# Task description:
The records below need to be printed in full. Keep each one exact.

# Dataset extract:

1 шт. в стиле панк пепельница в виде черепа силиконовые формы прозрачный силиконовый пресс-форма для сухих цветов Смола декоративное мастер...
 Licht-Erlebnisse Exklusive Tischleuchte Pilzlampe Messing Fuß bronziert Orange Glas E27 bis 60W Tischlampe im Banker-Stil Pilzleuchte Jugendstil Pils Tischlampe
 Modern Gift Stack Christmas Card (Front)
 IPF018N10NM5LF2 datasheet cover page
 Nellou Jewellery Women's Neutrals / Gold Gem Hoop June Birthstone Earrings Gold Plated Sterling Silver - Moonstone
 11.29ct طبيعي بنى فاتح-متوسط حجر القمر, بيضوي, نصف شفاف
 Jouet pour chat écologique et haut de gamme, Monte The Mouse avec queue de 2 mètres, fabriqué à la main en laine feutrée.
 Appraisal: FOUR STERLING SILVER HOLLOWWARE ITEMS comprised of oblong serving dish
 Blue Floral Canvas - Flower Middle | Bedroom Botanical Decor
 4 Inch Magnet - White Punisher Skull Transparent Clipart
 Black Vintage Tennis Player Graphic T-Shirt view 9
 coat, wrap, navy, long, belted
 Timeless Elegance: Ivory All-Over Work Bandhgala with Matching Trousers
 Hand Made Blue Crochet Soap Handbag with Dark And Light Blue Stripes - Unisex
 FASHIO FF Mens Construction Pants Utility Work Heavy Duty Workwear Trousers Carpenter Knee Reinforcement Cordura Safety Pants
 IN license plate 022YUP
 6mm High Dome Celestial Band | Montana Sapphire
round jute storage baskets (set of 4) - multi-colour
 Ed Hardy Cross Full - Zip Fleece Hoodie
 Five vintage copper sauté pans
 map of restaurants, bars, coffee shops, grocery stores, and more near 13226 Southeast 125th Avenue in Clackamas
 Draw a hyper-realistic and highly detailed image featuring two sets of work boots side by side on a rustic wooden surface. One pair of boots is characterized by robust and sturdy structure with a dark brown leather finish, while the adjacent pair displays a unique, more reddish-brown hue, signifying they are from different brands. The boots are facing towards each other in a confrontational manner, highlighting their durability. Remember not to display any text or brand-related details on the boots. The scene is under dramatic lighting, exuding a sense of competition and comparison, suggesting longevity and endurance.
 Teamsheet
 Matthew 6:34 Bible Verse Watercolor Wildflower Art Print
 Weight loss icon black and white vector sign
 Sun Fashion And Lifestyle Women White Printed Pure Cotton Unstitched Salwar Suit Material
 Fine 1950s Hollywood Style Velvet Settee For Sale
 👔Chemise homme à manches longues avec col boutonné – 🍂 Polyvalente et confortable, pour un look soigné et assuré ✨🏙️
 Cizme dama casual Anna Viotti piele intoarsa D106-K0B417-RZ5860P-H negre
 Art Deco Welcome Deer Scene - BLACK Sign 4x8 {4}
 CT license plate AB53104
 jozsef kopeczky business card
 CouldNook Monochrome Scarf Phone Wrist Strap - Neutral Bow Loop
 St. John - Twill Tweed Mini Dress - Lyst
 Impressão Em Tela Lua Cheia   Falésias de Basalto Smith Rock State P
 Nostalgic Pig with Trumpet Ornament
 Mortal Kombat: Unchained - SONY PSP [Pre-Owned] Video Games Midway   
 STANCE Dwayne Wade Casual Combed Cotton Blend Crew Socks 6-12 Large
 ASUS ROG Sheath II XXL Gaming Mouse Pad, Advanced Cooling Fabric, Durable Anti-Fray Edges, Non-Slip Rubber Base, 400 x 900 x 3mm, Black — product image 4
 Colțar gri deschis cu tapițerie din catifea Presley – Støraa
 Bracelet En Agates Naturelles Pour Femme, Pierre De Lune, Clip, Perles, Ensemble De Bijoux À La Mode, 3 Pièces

# Problem solution:
1 шт. в стиле панк пепельница в виде черепа силиконовые формы прозрачный силиконовый пресс-форма для сухих цветов Смола декоративное мастер...
 Licht-Erlebnisse Exklusive Tischleuchte Pilzlampe Messing Fuß bronziert Orange Glas E27 bis 60W Tischlampe im Banker-Stil Pilzleuchte Jugendstil Pils Tischlampe
 Modern Gift Stack Christmas Card (Front)
 IPF018N10NM5LF2 datasheet cover page
 Nellou Jewellery Women's Neutrals / Gold Gem Hoop June Birthstone Earrings Gold Plated Sterling Silver - Moonstone
 11.29ct طبيعي بنى فاتح-متوسط حجر القمر, بيضوي, نصف شفاف
 Jouet pour chat écologique et haut de gamme, Monte The Mouse avec queue de 2 mètres, fabriqué à la main en laine feutrée.
 Appraisal: FOUR STERLING SILVER HOLLOWWARE ITEMS comprised of oblong serving dish
 Blue Floral Canvas - Flower Middle | Bedroom Botanical Decor
 4 Inch Magnet - White Punisher Skull Transparent Clipart
 Black Vintage Tennis Player Graphic T-Shirt view 9
 coat, wrap, navy, long, belted
 Timeless Elegance: Ivory All-Over Work Bandhgala with Matching Trousers
 Hand Made Blue Crochet Soap Handbag with Dark And Light Blue Stripes - Unisex
 FASHIO FF Mens Construction Pants Utility Work Heavy Duty Workwear Trousers Carpenter Knee Reinforcement Cordura Safety Pants
 IN license plate 022YUP
 6mm High Dome Celestial Band | Montana Sapphire
round jute storage baskets (set of 4) - multi-colour
 Ed Hardy Cross Full - Zip Fleece Hoodie
 Five vintage copper sauté pans
 map of restaurants, bars, coffee shops, grocery stores, and more near 13226 Southeast 125th Avenue in Clackamas
 Draw a hyper-realistic and highly detailed image featuring two sets of work boots side by side on a rustic wooden surface. One pair of boots is characterized by robust and sturdy structure with a dark brown leather finish, while the adjacent pair displays a unique, more reddish-brown hue, signifying they are from different brands. The boots are facing towards each other in a confrontational manner, highlighting their durability. Remember not to display any text or brand-related details on the boots. The scene is under dramatic lighting, exuding a sense of competition and comparison, suggesting longevity and endurance.
 Teamsheet
 Matthew 6:34 Bible Verse Watercolor Wildflower Art Print
 Weight loss icon black and white vector sign
 Sun Fashion And Lifestyle Women White Printed Pure Cotton Unstitched Salwar Suit Material
 Fine 1950s Hollywood Style Velvet Settee For Sale
 👔Chemise homme à manches longues avec col boutonné – 🍂 Polyvalente et confortable, pour un look soigné et assuré ✨🏙️
 Cizme dama casual Anna Viotti piele intoarsa D106-K0B417-RZ5860P-H negre
 Art Deco Welcome Deer Scene - BLACK Sign 4x8 {4}
 CT license plate AB53104
 jozsef kopeczky business card
 CouldNook Monochrome Scarf Phone Wrist Strap - Neutral Bow Loop
 St. John - Twill Tweed Mini Dress - Lyst
 Impressão Em Tela Lua Cheia   Falésias de Basalto Smith Rock State P
 Nostalgic Pig with Trumpet Ornament
 Mortal Kombat: Unchained - SONY PSP [Pre-Owned] Video Games Midway   
 STANCE Dwayne Wade Casual Combed Cotton Blend Crew Socks 6-12 Large
 ASUS ROG Sheath II XXL Gaming Mouse Pad, Advanced Cooling Fabric, Durable Anti-Fray Edges, Non-Slip Rubber Base, 400 x 900 x 3mm, Black — product image 4
 Colțar gri deschis cu tapițerie din catifea Presley – Støraa
 Bracelet En Agates Naturelles Pour Femme, Pierre De Lune, Clip, Perles, Ensemble De Bijoux À La Mode, 3 Pièces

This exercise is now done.